2024-01-29 Thread Steve Loughran (Jira)


[ 
https://issues.apache.org/jira/browse/HDFS-17316?page=com.atlassian.jira.plugin.system.issuetabpanels:comment-tabpanel=17811840#comment-17811840
 ] 

Steve Loughran commented on HDFS-17316:
---

good read. 

If you look at the hadoop test classes 
* we always need an explicit timeout
* on abfs/wasb/s3a tests we want to support parallel test execution, where you 
can run multiple JNIT threads in parallel… each path and even temporary 
directories must be uniquely allocated to the given thread, which we do by 
passing a thread ID down.
* In HADOOP-18508 I'm trying to support having different (local/remote) hadoop 
source trees running test against the same S3 store. Goal: I can run a hadoop 
public branch from one directory well debugging a different branch locally. 
Something like that is needed here, given that it seems intended to run against 
live HDFS clusters. Note that also brings authentication into the mix, e.g. the 
option to use kinit to log in before running the tests. This is not exclusive 
to HDFS either.

It will be good -if not initially supported then at least designed as a future 
option- to allow me to provide a list of stores to run the tests against. This 
is because four S3A testing I now have to qualify with: amazon s3, amazon s3 
express, google gcs and at least one other implementation of the API. All of 
which have slightly different capabilities -test process is going to need to 
somehow be driven so that for the different implementation it knows which 
features to test/results to expect. The current hadoop-aws/contract test design 
is not up to this. 

Microsoft are pushing hard at windows support. For the shell operations it 
might be very good if rather than using bash/sh/zsh that python and pyunit was 
the test runner, which could then invoke Windows commands as well as shall 
scripts. Pyunit test report can be aggregated displayed in Jenkins, which is 
another nice feature of them.



> Compatibility Benchmark over HCFS Implementations
> -
>
> Key: HDFS-17316
> URL: https://issues.apache.org/jira/browse/HDFS-17316
> Project: Hadoop HDFS
>  Issue Type: New Feature
>Reporter: Han Liu
>Priority: Major
> Attachments: HDFS Compatibility Benchmark Design.pdf
>
>
> {*}Background:{*}Hadoop-Compatible File System (HCFS) is a core conception in 
> big data storage ecosystem, providing unified interfaces and generally clear 
> semantics, and has become the de-factor standard for industry storage systems 
> to follow and conform with.
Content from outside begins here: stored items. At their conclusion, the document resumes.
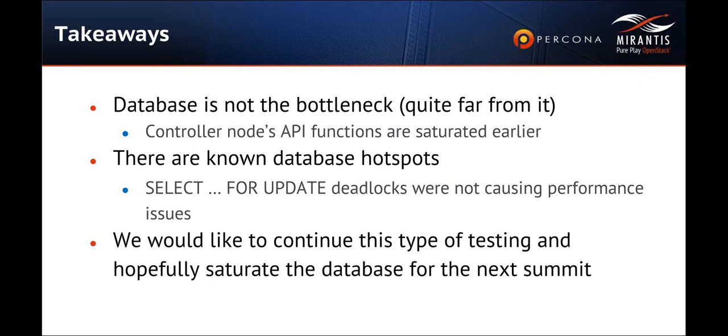There are certainly areas where we can improve database performance, and there are definitely areas inside Nova, Neutron, and Cinder where we can remove SELECT FOR UPDATE statements and use different strategies for quota usage and IP allocation queries. But for the most part, anyone running an OpenStack production cloud who is running into database bottlenecks likely has a misconfiguration of one of the services rather than a true database bottleneck. I'm very open to receiving comments and feedback. If you do have issues with MySQL in a production OpenStack deployment, please email me or the OpenStack operators or development mailing list.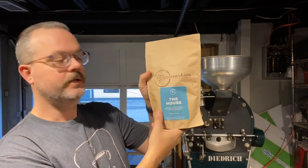My house blend will always be that. The way I set it up is four parts total: two parts Peruvian, one part Colombian, and one part Brazilian. That's our house coffee, and you'll notice that by the bag labeling.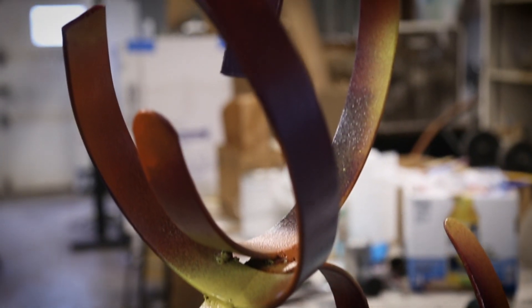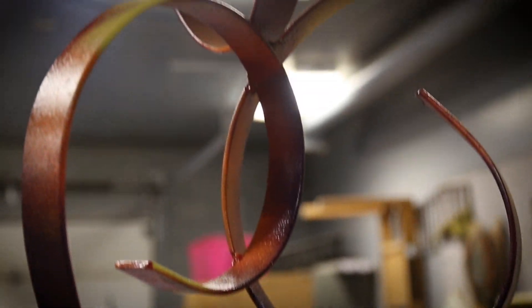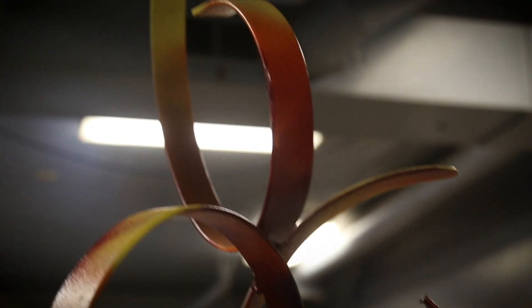The one behind me is called Spiraling. I first had the idea for this project when my professor, John Mischler, found a bunch of old farm implements and brought them in.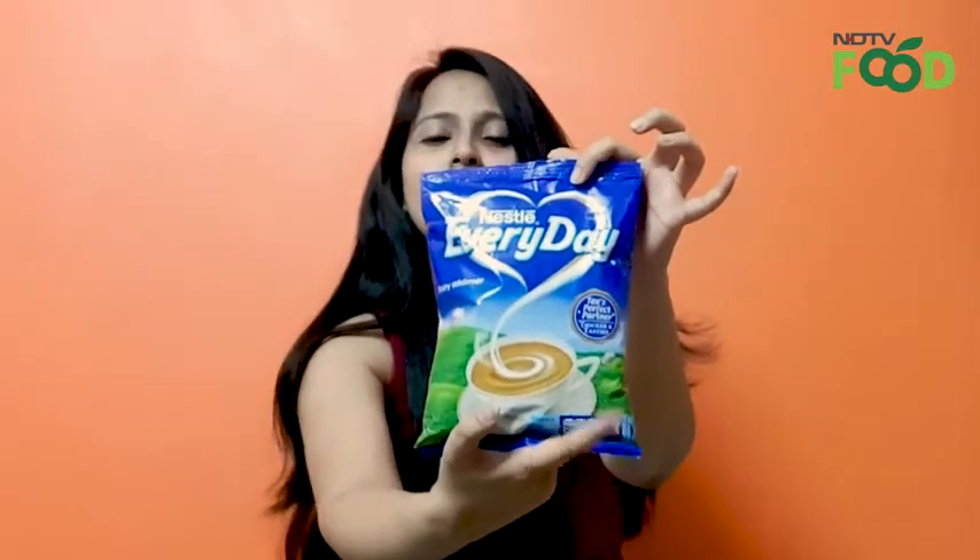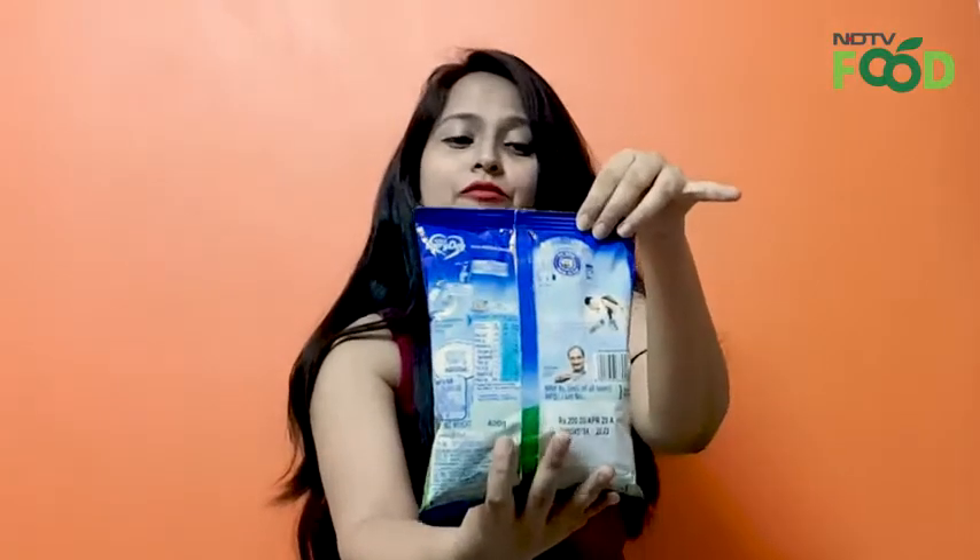What do you do when you're craving a hot cup of tea and see that you've run out of milk? Do you go ahead anyway or do you run to your local dairy and see if they have some milk? Today we have with us Nestle Everyday Dairy Whitener. This is how the packet looks like from the front and this is the back side of it.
There have been a series of HCFS implementations 
> in Hadoop, such as S3AFileSystem for Amazon's S3 Object Store, WASB for 
> Microsoft's Azure Blob Storage and OSS connector for Alibaba Cloud Object 
> Storage, and more from storage service's providers on their own.
> {*}Problems:{*}However, as indicated by introduction.md, there is no formal 
> suite to do compatibility assessment of a file system for all such HCFS 
> implementations. Thus, whether the functionality is well accomplished and 
> meets the core compatible expectations mainly relies on service provider's 
> own report. Meanwhile, Hadoop is also developing and new features are 
> continuously contributing to HCFS interfaces for existing implementations to 
> follow and update, in which case, Hadoop also needs a tool to quickly assess 
> if these features are supported or not for a specific HCFS implementation. 
> Besides, the known hadoop command line tool or hdfs shell is used to directly 
> interact with a HCFS storage system, where most commands correspond to 
> specific HCFS interfaces and work well. Still, there are cases that are 
> complicated and may not work, like expunge command. To check such commands 
> for an HCFS, we also need an approach to figure them out.
> {*}Proposal:{*}Accordingly, we propose to define a formal HCFS compatibility 
> benchmark and provide corresponding tool to do the compatibility assessment 
> for an HCFS storage system. The benchmark and tool should consider both HCFS 
> interfaces and hdfs shell commands. Different scenarios require different 
> kinds of compatibilities. For such consideration, we could define different 
> suites in the benchmark.
> *Benefits:* We intend the benchmark and tool to be useful for both storage 
> providers and storage users. For end users, it can be used to evalute the 
> compatibility level and determine if the storage system in question is 
> suitable for the required scenarios. For storage providers, it helps to 
> quickly generate an objective and reliable report about core functioins of 
> the storage service. As an instance, if the HCFS got a 100% on a suite named 
> 'tpcds', it is demonstrated that all functions needed by a tpcds program have 
> been well achieved. It is also a guide indicating how storage service 
> abilities can map to HCFS 

[jira] [Commented] (HDFS-17316) Compatibility Benchmark over HCFS Implementations

2024-01-16 Thread Han Liu (Jira)


[ 
https://issues.apache.org/jira/browse/HDFS-17316?page=com.atlassian.jira.plugin.system.issuetabpanels:comment-tabpanel=17807603#comment-17807603
 ] 

Han Liu commented on HDFS-17316:


Thank you for the detailed comments from [~ste...@apache.org]  and apologize 
for the late reply. Recently I reviewed my code so that it fits the Hadoop code 
format.
{quote}1. filesystem contract tests are designed to do this from junit; If your 
FS implementation doesn't subclass and run these, you need to start there.
{quote}
Contract tests play an essential role in evaluation of storage service 
abilities, where a closely examination of core FS functions are performed, such 
as create, open, delete, etc. There is an overlap between contract tests and 
the benchmark we discussed here. The main mismatch between them is that 
contract tests mainly focus on quality of a most important subset of FS APIs, 
where a series of cases are designed for each API.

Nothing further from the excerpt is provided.